After administrators at Harvard University denied professor Lorgia García Peña's tenure, students sent a letter asking for the decision to be reversed, according to Remezcla. 

García Peña is one of the university's first Latino studies professor.

Students also requested for administrators to "increase transparency in the tenure review process for all faculty, providing more lines of accountability and greater consideration of the ways in which faculty have contributed to supporting underrepresented students on campus."

According to The Harvard Crimson, the university's student newspaper, the school president makes the final decision to grant a professor tenure and the details about the case aren't typically released to the public.

The letter sent to administrators was signed by 200 students and 30 student groups. Another letter written by Harvard professors and affiliates received 972 signatures.

Administrators were asked to open an investigation into the professor's tenure case for "procedural errors, prejudice, and discrimination."

Among their list of demands, students called on the school to implement an ethnic studies program, an effort students have been requesting for almost half a century. 

The letter requests for an ethnic studies department to offer a Ph.D. in the program with concentrations in Native American and Indigenous, Latinx, Asian American, Muslim American and comparative race and ethnic studies. 

Dean of the Faculty of Arts and Sciences Claudine Gay said before taking office in fall 2018 that she wanted to employ faculty in the respective studies before establishing a program.

Students said García Peña was an "excellent candidate to lead Ethnic Studies initiatives.”

“While looking outwardly for faculty members that can conduct and teach Ethnic Studies research, it is absolutely unacceptable to deny Professor García Peña tenure, especially as a member of the search committee herself,” the open letter states. “It is hypocritical for University administrators to claim they are invested in furthering Ethnic Studies scholarship at Harvard while simultaneously denying tenure to a leading Latinx and Ethnic Studies scholar.”

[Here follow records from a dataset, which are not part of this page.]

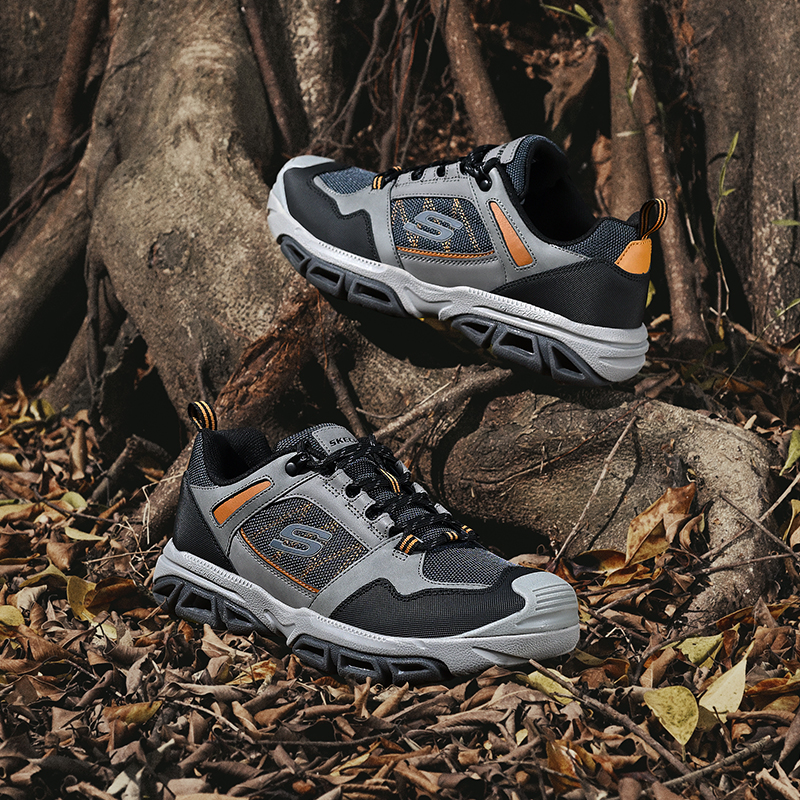 休闲运动鞋斯凯奇运动鞋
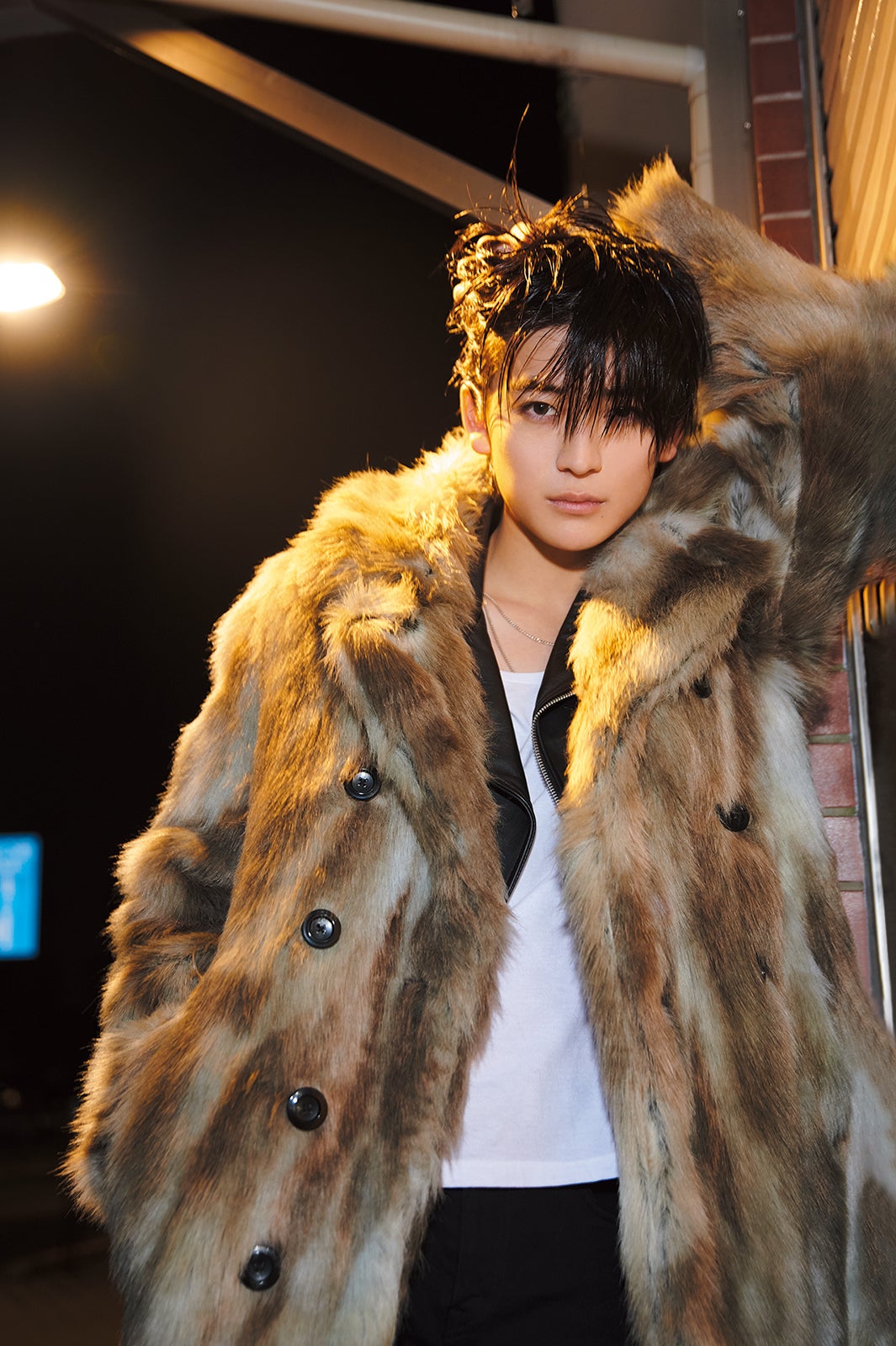 高橋文哉「anan」初登場　大人な眼差しで魅了　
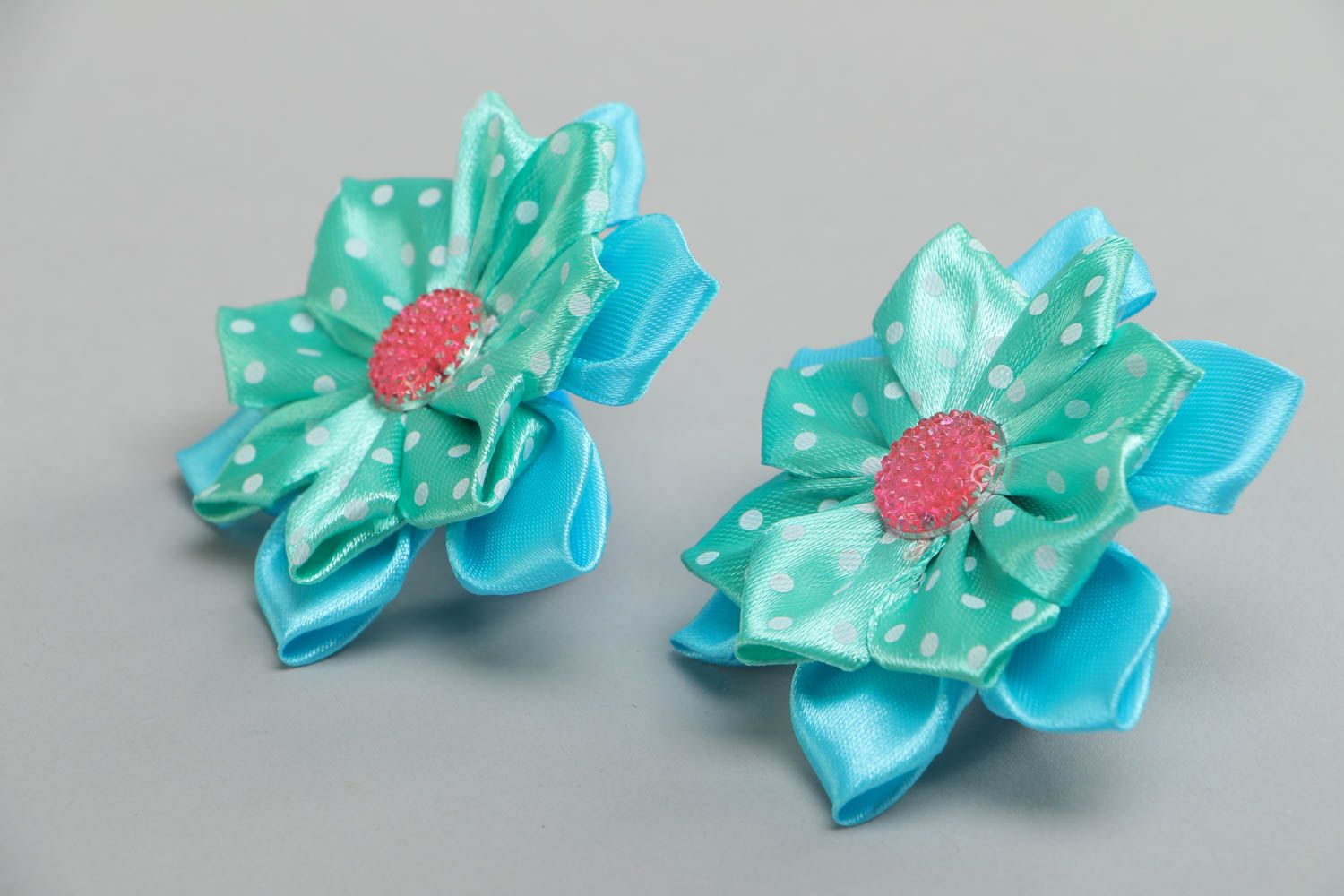 Set of handmade satin ribbons made of satin ribbons turquoise-blue flowers 2 pieces photo 2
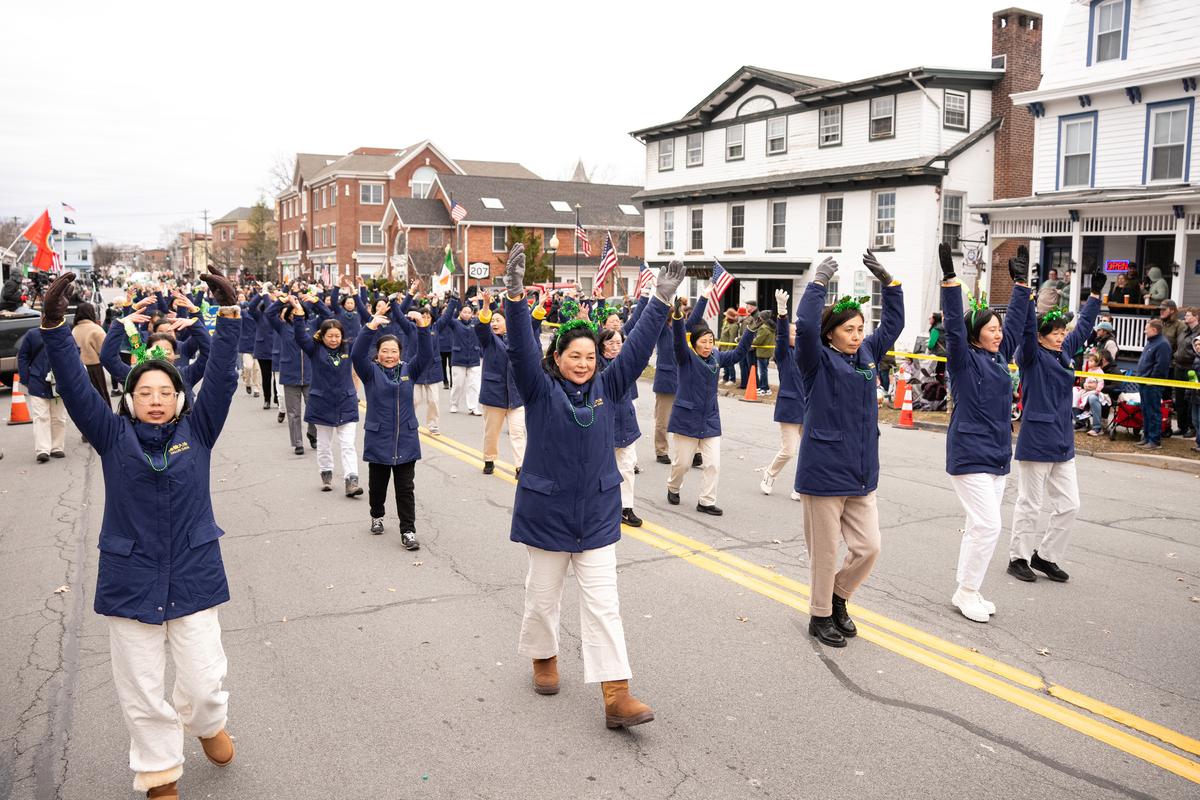 3月15日（周日）下午，纽约上州橙县（Orange County）戈申（Goshen）举办哈德逊河谷中部圣派翠克节游行（2026 Mid-Hudson St. Patrick's Parade）。（戴兵／大纪元）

In protest, nearly 50 students held a sit-in at the University Hall that lasted 48 minutes, each minute representing the number of years students have demanded an ethnic studies program.

Student Mercedes Gomez said in a tweet on Monday that the university has denied students' requests for an ethnic studies department despite demonstrations. 

The Harvard Crimson reports the associate professor of romance languages and literature has faced racially motivated incidents while at the university.

Someone reportedly left a racially insulting note at García Peña's office and questioned her right to be at Harvard University. Another incident was reported of on-campus officers unreasonably asking for the IDs of the professor's students while they were installing an art exhibit.

In the letter sent to administrators, students said the university has failed to address the incidents sufficiently.